Op grond van artikel 80 WA en artikel 34, eerste lid, van het Uitvoeringsbesluit wordt van gasolie die wordt vervoerd of voorhanden is, aan de hand van bescheiden de herkomst aangetoond. Volgens het tweede lid van laatstgenoemd artikel mogen die bescheiden niet ouder zijn dan zes dagen, tenzij wordt aangetoond dat het vervoer langer dan zes dagen geleden is aangevangen.
4.7.
Artikel 14 van de Energierichtlijn [1] luidt, voor zover hier van belang, als volgt:
“1. Naast de algemene bepalingen van Richtlijn 92/12/EEG inzake vrijgesteld gebruik van belastbare producten, en onverminderd andere communautaire bepalingen, verlenen de lidstaten voor onderstaande producten vrijstelling van belasting, op voorwaarden die zij vaststellen met het doel een juiste en eenvoudige toepassing van deze vrijstelling te verzekeren en fraude, ontwijking of misbruik te voorkomen:
(…)
c) energieproducten die worden geleverd voor gebruik als brandstof voor de vaart op communautaire wateren (met inbegrip van visserij) en niet voor gebruik aan boord van particuliere pleziervaartuigen, en aan boord van een vaartuig opgewekte elektriciteit.”
Beoordeling hoger beroep en verweer
4.8.
Op grond van artikel 2, eerste lid, aanhef en onderdeel b, WA wordt accijns wegens uitslag tot verbruik verschuldigd ter zake van het voorhanden hebben van een accijnsgoed buiten een accijnsschorsingsregeling wanneer over dat goed geen accijns is geheven overeenkomstig de toepasselijke bepalingen van het Unierecht en de nationale wetgeving. Op de Inspecteur rust de stelplicht en in beginsel ook de bewijslast ter zake hiervan.

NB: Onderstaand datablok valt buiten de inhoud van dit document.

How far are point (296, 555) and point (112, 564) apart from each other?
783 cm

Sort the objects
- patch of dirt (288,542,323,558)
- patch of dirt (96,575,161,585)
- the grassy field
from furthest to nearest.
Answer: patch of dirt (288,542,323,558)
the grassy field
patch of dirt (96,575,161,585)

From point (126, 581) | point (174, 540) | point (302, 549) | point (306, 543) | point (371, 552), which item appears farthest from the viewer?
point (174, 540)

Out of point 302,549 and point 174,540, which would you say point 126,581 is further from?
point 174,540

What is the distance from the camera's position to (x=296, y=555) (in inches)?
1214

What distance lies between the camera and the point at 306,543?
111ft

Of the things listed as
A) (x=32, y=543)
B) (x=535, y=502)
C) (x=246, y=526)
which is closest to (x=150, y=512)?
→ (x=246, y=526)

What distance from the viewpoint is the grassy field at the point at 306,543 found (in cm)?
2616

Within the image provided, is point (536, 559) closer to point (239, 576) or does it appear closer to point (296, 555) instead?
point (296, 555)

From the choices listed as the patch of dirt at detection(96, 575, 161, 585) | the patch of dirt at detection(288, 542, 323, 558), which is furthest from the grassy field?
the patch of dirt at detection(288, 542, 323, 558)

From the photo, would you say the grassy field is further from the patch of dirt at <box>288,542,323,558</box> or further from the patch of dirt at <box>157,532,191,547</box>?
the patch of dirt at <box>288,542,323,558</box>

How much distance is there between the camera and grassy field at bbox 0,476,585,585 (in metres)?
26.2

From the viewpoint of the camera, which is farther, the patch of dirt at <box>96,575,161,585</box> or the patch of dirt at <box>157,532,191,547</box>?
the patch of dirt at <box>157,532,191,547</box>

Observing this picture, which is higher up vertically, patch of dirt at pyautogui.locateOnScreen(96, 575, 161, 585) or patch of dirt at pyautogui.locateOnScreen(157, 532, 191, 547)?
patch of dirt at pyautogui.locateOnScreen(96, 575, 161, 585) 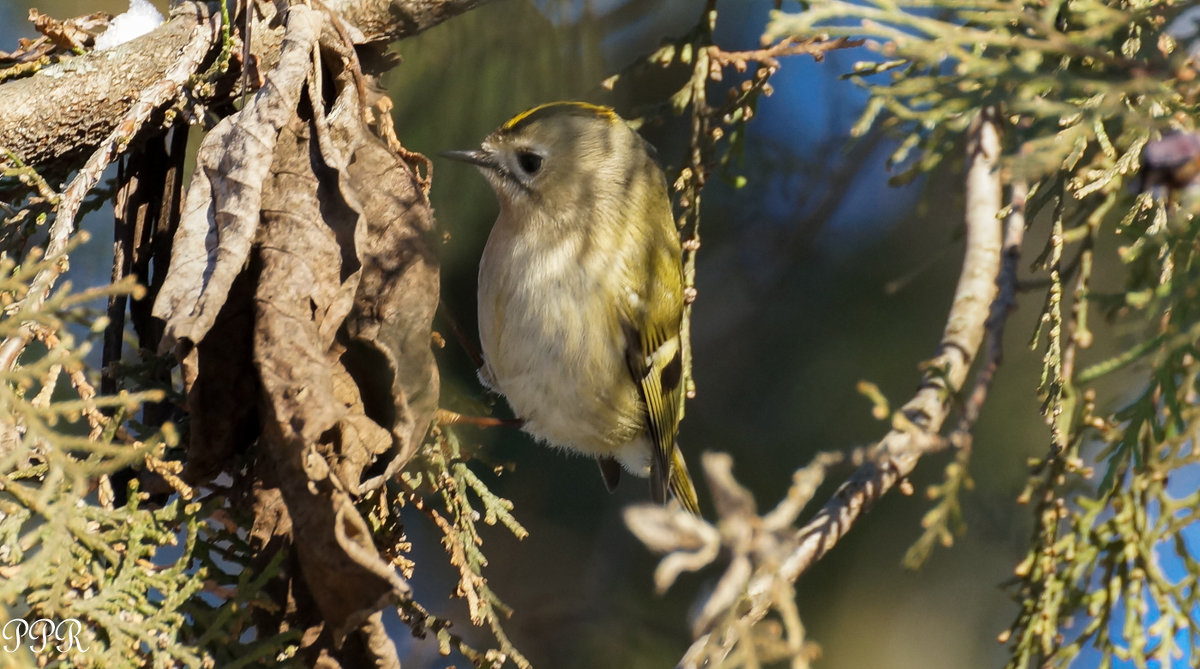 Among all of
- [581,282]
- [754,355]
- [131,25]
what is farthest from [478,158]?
[754,355]

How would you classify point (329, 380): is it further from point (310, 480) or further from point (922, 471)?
point (922, 471)

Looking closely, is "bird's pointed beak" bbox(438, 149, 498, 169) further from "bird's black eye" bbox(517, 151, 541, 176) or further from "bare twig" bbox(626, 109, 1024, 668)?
"bare twig" bbox(626, 109, 1024, 668)

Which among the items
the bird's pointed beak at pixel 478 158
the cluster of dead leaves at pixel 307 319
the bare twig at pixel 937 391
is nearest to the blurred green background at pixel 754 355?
the bird's pointed beak at pixel 478 158

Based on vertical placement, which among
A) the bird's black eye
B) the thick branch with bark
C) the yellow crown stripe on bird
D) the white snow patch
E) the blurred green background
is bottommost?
the blurred green background

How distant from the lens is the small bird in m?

Uit het internationale karakter van het vervoer dat bedrijven als dat van belanghebbende verrichten, te weten het in opdracht van derden per tankschip (internationaal) vervoeren van diverse vloeistoffen, waaronder met name minerale oliën en olieproducten, is het Hof, evenals de Rechtbank, van oordeel dat niet anders kan volgen dan dat die bedrijven minerale oliën en olieproducten vervoeren die niet in Nederland in de heffing van accijns zijn betrokken. [2] Dit geldt naar het oordeel van het Hof ook voor de inhoud van de bunkertanks en de dagtank, waarin zich de brandstof bevindt om het schip aan te drijven en waarvoor in beginsel een vrijstelling van accijns geldt. Dit brengt mee dat in een geval als het onderhavige, waarin in bunkertank AS gasolie is aangetroffen waarvan het SY-gehalte te laag is om voor de vrijstelling in aanmerking te komen, het vermoeden gerechtvaardigd is dat deze gasolie niet op een eerder moment in de heffing van accijns is betrokken. Het ligt op de weg van belanghebbende feiten en omstandigheden aan te voeren die dit vermoeden ontzenuwen. Belanghebbende heeft hiertoe een aantal tank-/bunkerbonnen, een vaarschema, een aantal laad- en losbewijzen en een reisregistratie overgelegd (zie 2.6 tot en met 2.8).
4.9.
De Inspecteur heeft ten aanzien van deze door belanghebbende overgelegde stukken opgemerkt dat de door het schip afgelegde vaarroute ontbreekt. Ook is zij van mening dat het vervoer van de ladingen die volgens het wel overgelegde vaarschema (zie 2.7) op 14 augustus 2018 in [plaats10] zijn geladen in de stukken van belanghebbende niet volledig zijn gedocumenteerd; zij constateert dat berichtnummer 38/18 ontbreekt. Verder is de Inspecteur van mening dat het verbruik van 3.000 liter op berichtnummer 37/18 te laag lijkt voor een vaarroute van [plaats10] naar [plaats9] , omdat bij ditzelfde traject op berichtnummer 40/18 een verbruik van 5.000 liter staat vermeld. Belanghebbende kon voor dit geconstateerde verschil desgevraagd ter zitting geen verklaring geven, maar heeft volstaan met de opmerking dat de afstand tussen [plaats10] en [plaats9] waarschijnlijk klein is geweest.
4.10.
Het Hof gaat niet mee in het betoog van de Inspecteur dat het traject [plaats10] - [plaats9] uit berichtnummer 37/18 per definitie een (veel) hoger brandstofverbruik van 3.000 liter tot gevolg moet hebben. Uit de door belanghebbende verstrekte gegevens (zie 2.7) valt deze conclusie niet te trekken, nu bijvoorbeeld berichtnummer 41/18 hetzelfde traject omvat, met een brandstofverbruik van 3.360 liter. Alhoewel aan de Inspecteur moet worden toegegeven dat berichtnummer 38/18 in de nummering ontbreekt, en dat er geen laad- en losbewijzen zijn overgelegd ten aanzien van de in het vaarschema vermelde, op 14 augustus 2018 geladen goederen die voor [plaats8] bestemd waren, leidt dit gegeven volgens het Hof niet tot een onverklaarbaar gat in de reisregistratie van belanghebbende. Het Hof acht het namelijk van algemene bekendheid dat [plaats8] op de vaarroute ligt tussen [plaats10] en [plaats9] , zodat de vaarafstand tussen [plaats10] en [plaats8] een onderdeel kan uitmaken van de langere vaarroute [plaats10] - [plaats9] . Bovendien is van algemene bekendheid dat het brandstofverbruik van een schip kan toe- of afnemen wanneer er bijvoorbeeld meer of minder lading wordt vervoerd.
4.11.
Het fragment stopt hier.